What if my LLC has more than one member?
As with a single member LLC, the IRS will view your multi-member LLC as a partnership. The LLC will retain it’s pass-through tax status, with a few wrinkles with regards to paperwork. Instead of one member filing a 1040, instead each member will have to file a Return of Partnership Income form (IRS Form 1065). This document lets the IRS check and make sure each owner is reporting their income properly. Beyond that, each LLC owner will attach a Schedule K-1 (Partner’s Share of Income, Deductions, Credits, etc.) to their Form 1040. This form shows the IRS each member’s share of the LLC’s profits and losses.
Here’s a tip: If your LLC is going to have more than one member, it would be a good idea to draw up a simple operating agreement. Most states don’t require an LLC to have one, but with so many cooks in the kitchen, you’ll want clear documentation with regards to ownership percentage, voting rights, distribution of profits and losses, as well as rules for buying out a member. You won’t be require to file the agreement, but it should be signed by each member and kept with the LLC’s important documents.
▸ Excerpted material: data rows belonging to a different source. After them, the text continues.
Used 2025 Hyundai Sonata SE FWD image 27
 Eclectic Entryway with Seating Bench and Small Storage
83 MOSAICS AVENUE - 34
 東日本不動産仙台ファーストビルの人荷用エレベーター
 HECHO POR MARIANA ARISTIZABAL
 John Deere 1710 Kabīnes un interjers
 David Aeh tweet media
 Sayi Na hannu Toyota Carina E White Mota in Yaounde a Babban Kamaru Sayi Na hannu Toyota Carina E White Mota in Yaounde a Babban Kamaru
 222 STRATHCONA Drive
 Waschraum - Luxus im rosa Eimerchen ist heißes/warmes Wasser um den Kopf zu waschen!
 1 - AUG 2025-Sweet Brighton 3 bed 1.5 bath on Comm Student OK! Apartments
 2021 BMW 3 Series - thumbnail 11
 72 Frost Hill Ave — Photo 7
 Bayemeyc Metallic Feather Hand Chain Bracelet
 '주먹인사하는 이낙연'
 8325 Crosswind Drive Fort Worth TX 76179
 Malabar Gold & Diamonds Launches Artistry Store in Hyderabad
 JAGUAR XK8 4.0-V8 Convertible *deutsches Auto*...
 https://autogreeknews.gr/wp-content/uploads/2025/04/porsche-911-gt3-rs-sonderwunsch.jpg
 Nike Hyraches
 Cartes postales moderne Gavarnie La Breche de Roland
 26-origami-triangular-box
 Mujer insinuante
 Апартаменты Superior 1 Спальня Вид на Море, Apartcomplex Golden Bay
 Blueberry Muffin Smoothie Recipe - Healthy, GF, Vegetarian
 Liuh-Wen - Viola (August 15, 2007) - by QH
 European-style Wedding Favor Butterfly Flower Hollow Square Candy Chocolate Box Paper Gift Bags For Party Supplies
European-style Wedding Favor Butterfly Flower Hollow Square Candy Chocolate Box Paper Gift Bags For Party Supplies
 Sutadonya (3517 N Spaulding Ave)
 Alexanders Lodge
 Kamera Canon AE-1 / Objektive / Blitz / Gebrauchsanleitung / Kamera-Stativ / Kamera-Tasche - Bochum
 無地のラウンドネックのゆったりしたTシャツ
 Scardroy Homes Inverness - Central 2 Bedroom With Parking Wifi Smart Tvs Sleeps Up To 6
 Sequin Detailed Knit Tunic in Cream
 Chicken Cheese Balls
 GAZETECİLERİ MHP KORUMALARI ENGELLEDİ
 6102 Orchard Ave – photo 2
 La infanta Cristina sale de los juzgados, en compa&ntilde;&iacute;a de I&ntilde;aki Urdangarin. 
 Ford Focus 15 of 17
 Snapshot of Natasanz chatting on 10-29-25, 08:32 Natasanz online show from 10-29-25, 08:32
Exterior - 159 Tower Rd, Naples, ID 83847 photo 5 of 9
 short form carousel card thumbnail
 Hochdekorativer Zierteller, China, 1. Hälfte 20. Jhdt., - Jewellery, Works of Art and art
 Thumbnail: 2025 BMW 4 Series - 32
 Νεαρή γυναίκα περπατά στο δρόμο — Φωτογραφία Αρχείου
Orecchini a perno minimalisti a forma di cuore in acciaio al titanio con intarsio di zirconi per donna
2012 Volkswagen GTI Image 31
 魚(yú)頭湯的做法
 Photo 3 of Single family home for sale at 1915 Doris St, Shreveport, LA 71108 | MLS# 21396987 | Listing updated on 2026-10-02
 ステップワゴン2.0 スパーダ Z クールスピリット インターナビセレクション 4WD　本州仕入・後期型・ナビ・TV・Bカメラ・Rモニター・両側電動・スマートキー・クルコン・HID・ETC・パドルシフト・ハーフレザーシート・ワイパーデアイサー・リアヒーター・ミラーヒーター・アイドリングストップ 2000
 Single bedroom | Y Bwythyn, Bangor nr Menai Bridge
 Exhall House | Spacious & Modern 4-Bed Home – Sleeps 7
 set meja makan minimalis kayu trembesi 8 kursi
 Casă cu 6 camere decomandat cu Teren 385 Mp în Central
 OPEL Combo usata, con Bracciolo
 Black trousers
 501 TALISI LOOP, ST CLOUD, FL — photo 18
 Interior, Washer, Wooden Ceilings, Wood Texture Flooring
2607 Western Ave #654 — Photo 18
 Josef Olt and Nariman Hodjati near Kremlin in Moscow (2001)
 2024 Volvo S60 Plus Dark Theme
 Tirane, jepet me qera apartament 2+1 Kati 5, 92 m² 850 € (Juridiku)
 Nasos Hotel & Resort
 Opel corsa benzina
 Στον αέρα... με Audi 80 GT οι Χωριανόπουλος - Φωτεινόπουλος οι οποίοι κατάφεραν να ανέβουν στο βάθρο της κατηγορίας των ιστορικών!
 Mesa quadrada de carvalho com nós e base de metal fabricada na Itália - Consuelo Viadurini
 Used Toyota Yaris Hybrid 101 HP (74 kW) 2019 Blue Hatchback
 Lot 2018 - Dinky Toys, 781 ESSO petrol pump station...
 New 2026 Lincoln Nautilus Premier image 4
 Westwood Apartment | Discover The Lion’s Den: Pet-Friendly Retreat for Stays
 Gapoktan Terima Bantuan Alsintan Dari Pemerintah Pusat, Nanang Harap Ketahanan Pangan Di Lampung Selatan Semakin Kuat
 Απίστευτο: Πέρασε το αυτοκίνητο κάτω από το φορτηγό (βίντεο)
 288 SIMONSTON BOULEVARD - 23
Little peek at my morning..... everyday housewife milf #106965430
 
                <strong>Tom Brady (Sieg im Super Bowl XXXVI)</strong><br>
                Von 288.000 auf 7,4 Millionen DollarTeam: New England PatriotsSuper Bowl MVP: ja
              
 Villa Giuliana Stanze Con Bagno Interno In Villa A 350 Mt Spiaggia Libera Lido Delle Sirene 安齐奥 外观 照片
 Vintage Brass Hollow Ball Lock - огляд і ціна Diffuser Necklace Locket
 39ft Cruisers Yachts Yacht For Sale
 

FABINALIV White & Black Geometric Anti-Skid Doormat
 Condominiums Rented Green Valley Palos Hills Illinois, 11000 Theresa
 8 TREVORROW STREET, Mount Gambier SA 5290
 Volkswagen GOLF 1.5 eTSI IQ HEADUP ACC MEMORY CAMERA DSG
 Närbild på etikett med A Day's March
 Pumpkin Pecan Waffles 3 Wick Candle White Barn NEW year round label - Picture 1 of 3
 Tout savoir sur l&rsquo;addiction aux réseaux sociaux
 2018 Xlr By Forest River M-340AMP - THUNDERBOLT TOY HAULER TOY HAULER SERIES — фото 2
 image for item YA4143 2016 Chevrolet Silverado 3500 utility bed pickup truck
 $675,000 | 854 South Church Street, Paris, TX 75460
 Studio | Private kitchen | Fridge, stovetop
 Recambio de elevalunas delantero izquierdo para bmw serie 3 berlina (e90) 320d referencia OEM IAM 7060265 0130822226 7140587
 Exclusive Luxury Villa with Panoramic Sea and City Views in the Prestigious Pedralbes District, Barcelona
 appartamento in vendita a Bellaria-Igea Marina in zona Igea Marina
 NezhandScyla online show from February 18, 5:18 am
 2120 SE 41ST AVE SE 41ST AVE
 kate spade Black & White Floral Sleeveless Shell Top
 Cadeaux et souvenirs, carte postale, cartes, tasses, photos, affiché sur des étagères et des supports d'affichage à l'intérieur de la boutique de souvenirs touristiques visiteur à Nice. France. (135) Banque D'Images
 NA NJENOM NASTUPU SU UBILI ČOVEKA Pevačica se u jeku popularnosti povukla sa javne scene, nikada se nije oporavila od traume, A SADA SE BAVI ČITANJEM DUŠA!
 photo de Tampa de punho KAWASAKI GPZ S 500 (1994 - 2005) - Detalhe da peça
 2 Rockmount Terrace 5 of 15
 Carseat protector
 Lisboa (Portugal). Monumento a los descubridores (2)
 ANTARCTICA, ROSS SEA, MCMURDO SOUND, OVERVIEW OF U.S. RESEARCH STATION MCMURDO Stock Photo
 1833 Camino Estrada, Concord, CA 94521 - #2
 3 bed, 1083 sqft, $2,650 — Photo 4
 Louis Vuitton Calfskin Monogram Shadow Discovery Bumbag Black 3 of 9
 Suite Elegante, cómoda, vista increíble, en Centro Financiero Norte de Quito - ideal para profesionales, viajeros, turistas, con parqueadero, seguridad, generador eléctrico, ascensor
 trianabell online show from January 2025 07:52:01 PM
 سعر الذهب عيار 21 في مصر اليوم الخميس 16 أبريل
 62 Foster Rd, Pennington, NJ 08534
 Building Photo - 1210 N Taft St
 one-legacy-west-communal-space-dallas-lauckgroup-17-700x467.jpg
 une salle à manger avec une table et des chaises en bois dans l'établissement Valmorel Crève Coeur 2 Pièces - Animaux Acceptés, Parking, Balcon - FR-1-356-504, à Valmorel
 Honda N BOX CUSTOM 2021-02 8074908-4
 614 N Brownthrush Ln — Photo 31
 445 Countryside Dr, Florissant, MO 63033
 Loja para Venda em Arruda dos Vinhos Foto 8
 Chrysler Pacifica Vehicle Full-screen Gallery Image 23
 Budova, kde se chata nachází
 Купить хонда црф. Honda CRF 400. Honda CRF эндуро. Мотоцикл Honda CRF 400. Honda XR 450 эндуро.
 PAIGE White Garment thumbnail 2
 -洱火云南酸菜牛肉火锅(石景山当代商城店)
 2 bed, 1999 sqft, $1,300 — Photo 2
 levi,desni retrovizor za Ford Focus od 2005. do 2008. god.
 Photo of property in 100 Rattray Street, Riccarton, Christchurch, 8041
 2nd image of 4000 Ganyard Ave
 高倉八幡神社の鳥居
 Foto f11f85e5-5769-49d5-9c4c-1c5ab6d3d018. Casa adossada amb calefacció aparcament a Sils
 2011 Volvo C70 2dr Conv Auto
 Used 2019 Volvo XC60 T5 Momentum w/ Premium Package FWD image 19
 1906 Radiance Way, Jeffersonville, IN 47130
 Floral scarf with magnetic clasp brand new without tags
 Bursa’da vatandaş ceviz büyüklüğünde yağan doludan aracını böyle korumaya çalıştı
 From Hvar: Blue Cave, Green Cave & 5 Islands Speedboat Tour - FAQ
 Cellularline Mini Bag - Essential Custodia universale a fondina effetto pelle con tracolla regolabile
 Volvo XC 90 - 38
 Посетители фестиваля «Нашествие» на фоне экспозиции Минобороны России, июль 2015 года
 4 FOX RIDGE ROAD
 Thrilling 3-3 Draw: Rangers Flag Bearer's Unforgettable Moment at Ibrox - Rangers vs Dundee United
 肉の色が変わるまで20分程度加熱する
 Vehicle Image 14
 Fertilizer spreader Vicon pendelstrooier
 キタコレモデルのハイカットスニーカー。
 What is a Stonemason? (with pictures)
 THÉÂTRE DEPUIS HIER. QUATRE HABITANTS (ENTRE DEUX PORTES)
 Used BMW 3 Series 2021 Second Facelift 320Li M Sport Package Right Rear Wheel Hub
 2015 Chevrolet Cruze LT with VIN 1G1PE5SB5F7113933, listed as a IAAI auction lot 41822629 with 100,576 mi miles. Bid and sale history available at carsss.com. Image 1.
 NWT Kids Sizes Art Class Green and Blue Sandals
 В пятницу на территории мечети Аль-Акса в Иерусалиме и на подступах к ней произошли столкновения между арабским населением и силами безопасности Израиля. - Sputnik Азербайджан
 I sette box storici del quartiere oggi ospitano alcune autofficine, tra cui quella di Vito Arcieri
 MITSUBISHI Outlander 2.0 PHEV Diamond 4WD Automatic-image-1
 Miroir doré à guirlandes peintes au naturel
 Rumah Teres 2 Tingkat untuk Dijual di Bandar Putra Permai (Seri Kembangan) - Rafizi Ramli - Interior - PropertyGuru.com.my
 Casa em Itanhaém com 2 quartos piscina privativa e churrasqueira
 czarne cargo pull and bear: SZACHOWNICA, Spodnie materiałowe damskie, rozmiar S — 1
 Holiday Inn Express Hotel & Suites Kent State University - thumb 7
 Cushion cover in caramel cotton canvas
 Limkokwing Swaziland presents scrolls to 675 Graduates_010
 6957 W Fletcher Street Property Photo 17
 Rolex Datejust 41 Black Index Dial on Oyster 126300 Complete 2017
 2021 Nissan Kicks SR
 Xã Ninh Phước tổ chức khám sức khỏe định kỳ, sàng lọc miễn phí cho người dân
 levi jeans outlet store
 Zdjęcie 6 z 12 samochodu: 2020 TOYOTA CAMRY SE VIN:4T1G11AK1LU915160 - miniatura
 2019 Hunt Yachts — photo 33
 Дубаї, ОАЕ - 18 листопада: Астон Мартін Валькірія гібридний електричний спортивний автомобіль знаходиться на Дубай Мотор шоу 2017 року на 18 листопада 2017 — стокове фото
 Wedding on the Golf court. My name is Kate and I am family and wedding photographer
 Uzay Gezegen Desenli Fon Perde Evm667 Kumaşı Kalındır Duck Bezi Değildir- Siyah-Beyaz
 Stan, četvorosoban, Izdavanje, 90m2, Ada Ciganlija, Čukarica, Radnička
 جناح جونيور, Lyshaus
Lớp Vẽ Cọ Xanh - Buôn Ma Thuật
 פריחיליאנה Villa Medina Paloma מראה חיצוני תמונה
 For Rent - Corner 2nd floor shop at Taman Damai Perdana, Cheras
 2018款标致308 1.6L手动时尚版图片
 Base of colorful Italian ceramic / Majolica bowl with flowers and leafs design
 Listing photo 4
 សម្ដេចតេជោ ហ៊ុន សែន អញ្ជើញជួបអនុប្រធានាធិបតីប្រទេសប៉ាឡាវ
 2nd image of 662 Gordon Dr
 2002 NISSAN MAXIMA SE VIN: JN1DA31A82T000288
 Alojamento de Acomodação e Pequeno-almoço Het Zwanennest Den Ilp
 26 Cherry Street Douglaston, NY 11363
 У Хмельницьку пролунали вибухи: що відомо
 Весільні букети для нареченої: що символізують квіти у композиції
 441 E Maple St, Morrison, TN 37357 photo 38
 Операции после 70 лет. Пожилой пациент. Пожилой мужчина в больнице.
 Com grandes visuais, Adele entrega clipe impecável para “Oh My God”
Beyond the basic information you’ll also need:
• payroll documents
• bank and credit card statements
• accounting documents
• partnership agreements
• depreciation schedules
• gross receipts
• checking and savings account interest
What tax forms do I need to file?
Corporations: Form 83-105
Partnerships: Form 80-105
LLCs: Form 80-105
What are the Mississippi corporate net income tax rates?
$10,000 + 5%
What are the Mississippi personal net income tax rates?
$10,000 + 5%
What is the average Mississippi sales tax rate?
7%. The Tax Foundation ranks Mississippi 34th in average sales tax, which means it ranks better than the neighboring states of Louisiana, Alabama, and Tennessee.
When are my taxes due?
Corporate income and franchise tax returns are due by March 15 (or by the 15th day of the 3rd month following the end of the taxable year for fiscal year filers) for calendar filers.
What if I need an extension?
Mississippi offers a 6-month business extension, which moves the filing deadline to September 15 (for calendar year filers). There is no Mississippi extension application to submit unless you owe Mississippi tax, in which case you can file and pay your extension using Form 83-180.